Venezuela, ou como promover justiça social sem cair no ridículo (só que não).

Por Gianpaolo Dorigo, Professor do Anglo Vestibulares

Para muitos, a afirmação de recém eleito presidente da Venezuela, Nicolás Maduro, durante a campanha, segundo a qual Hugo Chávez apareceu diante de si como um passarinho foi suficiente para um julgamento: é um bobão, ou então, é um farsante. Ou um místico – ai de mim considerar no misticismo uma síntese de bobagem com farsa. Seguiu-se o comentário gracioso, também feito por Maduro, sobre a escolha do papa argentino: seria a prova de que Hugo Chávez, recém chegado ao Paraíso, soprou no ouvido de Deus o nome do candidato sul-americano, o que foi suficiente para convencê-Lo e, em seguida, influenciar os cardeais no Conclave, sob a forma de Espírito Santo.
Trata-se aqui de habilidosa estratégia para promover o contato com as massas, sabidamente religiosas ? Talvez. Mas será que isso justifica tanta bobagem ? Será que um discurso desses, plenamente compreensível pelas massas, não deseduca politicamente, e qual o sentido de promover a justiça social junto com a deseducação política ? Aliás, por que a promoção da justiça social não costuma ser acompanhada por uma política emancipadora ?
Fico me perguntando onde está a esquerda moderna. Na Venezuela, as palavras do presidente enunciam um discurso arcaico – automaticamente sugerindo práticas políticas do mesmo gênero. No Brasil, é a prática política da esquerda no poder que pode ser caracterizada como arcaica: onde está o combate às oligarquias e à máquina partidária fisiológica ? Onde está o gesto eternamente aguardado na política brasileira de “dar as costas ao PMDB” ? Onde está o repúdio aos Felicianos, eles mesmos portadores de um discurso obscurantista ?
A solução política da esquerda será, talvez, criar no momento oportuno, um novo sistema político, ancorado em coisas como o controle social da mídia (golpista e burguesa) e uma nova forma de democracia (mais avançada que a liberal). E assim reescreveremos a história do século XX, em alguns de seus piores momentos: as “democracias populares”, nome de fantasia de muitas ditaduras de partido único.

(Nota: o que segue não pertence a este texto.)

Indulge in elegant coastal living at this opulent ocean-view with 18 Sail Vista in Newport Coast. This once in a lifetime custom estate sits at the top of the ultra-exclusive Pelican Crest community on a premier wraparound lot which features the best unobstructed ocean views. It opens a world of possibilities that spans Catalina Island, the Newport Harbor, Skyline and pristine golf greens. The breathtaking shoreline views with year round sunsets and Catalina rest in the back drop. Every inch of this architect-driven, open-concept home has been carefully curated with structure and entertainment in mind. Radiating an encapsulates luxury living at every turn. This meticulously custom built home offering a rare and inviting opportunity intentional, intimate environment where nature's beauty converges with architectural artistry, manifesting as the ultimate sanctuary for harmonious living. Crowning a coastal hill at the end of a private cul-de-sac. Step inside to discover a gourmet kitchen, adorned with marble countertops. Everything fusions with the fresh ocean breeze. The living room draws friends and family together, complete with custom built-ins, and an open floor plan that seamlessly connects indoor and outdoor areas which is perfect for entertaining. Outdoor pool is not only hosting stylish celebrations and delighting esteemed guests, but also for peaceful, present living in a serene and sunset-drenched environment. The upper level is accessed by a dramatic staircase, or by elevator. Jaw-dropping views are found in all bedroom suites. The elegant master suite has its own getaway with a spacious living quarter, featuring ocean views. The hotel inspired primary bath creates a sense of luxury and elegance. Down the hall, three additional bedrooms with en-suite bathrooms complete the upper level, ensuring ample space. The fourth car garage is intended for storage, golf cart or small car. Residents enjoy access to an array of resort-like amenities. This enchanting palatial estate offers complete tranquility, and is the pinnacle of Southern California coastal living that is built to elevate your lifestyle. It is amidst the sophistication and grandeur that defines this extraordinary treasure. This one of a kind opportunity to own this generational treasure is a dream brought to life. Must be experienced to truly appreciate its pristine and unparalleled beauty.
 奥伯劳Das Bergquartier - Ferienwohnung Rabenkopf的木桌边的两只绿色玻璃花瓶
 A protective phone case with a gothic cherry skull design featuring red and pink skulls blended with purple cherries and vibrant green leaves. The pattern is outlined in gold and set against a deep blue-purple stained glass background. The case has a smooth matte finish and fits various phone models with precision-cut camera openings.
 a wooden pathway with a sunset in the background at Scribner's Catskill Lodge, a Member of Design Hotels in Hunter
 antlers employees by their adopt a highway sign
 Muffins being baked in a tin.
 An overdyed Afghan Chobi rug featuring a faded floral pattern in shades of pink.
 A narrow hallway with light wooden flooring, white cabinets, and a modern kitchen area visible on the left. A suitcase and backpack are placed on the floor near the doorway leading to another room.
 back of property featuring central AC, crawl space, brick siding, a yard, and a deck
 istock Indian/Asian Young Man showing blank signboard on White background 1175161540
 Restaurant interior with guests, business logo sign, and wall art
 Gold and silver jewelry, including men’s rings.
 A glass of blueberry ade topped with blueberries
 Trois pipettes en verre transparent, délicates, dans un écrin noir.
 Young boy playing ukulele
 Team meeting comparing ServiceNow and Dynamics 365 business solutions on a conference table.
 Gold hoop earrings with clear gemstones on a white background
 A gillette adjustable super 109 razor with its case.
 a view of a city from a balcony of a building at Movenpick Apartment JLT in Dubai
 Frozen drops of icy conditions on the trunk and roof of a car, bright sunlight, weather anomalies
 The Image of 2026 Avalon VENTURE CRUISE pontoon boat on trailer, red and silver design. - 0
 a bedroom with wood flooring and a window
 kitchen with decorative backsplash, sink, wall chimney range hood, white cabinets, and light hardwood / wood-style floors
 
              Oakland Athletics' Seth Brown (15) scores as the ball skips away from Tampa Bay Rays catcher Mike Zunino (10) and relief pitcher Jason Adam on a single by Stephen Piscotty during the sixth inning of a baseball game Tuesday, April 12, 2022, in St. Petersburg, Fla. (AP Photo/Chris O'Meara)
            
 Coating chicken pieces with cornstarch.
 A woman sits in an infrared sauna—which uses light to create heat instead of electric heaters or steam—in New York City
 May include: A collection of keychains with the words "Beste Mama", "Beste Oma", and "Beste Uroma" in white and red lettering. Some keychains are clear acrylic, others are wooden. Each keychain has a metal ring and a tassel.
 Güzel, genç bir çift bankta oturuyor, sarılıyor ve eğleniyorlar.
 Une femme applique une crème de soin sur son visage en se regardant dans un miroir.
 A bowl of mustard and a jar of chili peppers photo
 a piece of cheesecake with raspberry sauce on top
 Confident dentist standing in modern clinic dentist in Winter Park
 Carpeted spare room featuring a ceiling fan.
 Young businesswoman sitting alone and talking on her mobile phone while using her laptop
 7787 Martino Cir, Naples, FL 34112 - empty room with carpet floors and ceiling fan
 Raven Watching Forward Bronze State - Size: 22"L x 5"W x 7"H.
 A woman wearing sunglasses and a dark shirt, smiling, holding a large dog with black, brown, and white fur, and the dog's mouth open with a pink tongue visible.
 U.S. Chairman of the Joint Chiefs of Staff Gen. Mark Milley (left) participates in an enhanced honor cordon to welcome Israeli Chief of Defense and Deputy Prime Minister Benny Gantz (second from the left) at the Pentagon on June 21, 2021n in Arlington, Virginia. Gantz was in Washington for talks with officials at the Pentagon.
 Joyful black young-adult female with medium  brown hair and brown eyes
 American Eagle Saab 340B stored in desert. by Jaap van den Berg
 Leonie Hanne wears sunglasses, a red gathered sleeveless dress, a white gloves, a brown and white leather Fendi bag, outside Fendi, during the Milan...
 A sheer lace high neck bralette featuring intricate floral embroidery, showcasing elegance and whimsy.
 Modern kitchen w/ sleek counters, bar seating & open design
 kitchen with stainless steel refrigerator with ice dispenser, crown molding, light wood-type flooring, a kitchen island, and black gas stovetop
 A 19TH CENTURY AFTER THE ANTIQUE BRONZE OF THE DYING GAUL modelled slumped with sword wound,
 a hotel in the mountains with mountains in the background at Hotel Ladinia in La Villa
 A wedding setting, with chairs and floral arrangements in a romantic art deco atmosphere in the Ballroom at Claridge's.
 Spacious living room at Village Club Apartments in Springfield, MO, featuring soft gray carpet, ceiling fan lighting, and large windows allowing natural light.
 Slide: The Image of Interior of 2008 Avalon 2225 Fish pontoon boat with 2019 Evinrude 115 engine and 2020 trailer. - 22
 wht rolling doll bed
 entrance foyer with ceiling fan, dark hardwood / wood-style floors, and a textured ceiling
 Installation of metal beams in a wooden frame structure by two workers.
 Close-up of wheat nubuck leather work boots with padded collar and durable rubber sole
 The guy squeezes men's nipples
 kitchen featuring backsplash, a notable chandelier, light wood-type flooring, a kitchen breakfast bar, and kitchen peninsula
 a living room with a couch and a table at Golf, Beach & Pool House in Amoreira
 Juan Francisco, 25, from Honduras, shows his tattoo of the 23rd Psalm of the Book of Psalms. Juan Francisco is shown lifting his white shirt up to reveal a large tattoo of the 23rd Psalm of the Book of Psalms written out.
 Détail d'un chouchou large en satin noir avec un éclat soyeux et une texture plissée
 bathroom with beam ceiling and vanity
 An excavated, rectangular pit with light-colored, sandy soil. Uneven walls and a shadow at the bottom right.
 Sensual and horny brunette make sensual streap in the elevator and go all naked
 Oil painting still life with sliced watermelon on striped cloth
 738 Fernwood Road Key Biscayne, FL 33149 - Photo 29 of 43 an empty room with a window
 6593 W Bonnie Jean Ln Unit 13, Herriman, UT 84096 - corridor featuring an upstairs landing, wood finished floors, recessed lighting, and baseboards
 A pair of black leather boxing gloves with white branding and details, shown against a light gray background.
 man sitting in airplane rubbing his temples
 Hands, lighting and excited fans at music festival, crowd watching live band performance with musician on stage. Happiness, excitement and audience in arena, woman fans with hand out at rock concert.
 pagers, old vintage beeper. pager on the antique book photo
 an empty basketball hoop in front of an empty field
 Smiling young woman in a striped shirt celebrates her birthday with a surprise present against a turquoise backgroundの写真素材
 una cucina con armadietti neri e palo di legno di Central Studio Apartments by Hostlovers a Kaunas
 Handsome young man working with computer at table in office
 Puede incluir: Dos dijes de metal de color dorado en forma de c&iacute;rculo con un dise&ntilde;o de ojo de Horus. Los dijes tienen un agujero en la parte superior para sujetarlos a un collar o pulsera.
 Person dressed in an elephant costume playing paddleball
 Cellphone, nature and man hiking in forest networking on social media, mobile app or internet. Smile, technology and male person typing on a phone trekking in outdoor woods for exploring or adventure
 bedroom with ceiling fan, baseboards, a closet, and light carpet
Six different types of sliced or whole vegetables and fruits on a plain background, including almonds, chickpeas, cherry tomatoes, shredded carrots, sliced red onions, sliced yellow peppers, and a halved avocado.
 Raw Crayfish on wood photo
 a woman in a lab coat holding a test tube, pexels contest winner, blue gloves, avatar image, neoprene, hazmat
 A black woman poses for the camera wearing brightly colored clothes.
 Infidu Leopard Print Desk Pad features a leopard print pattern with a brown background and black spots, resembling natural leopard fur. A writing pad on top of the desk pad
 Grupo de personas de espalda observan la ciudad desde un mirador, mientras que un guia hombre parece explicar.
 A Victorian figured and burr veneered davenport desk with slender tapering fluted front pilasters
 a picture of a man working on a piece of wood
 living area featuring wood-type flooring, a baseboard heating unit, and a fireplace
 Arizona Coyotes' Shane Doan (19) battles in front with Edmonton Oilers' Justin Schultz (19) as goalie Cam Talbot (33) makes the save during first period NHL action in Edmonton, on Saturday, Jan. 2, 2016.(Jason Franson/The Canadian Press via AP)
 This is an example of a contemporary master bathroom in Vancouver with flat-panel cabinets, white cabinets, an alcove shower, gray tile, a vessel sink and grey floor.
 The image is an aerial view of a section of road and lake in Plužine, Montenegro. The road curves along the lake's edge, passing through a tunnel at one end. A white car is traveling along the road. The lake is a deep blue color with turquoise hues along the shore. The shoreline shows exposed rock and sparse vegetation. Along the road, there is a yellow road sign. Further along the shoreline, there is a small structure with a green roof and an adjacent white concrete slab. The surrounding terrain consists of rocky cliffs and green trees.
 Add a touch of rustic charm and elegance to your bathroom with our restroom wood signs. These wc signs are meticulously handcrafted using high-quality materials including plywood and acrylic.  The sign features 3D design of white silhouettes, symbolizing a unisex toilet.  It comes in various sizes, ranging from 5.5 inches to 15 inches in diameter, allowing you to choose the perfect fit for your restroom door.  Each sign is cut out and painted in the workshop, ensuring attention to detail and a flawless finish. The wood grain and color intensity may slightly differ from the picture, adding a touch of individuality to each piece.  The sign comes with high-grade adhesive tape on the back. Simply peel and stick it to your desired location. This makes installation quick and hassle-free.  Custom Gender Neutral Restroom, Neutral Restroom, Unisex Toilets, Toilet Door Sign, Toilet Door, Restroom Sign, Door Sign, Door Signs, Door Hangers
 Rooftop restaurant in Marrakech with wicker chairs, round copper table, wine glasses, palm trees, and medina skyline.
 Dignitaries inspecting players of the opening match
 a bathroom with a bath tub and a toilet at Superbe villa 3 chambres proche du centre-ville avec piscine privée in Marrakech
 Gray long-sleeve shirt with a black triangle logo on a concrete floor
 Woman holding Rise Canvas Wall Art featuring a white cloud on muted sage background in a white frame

Mas, claro, com justiça social.
Eu me pergunto : não será possível a justiça social em outro quadro político ? E me pergunto também sobre a relação entre os conceitos de esquerda e moderna. Talvez muitos achem que ser de esquerda já implica em ser moderno. Já não basta: faz-se necessário uma esquerda que avance também na esfera política, para além da repetição de modelos arcaicos ou deseducadores.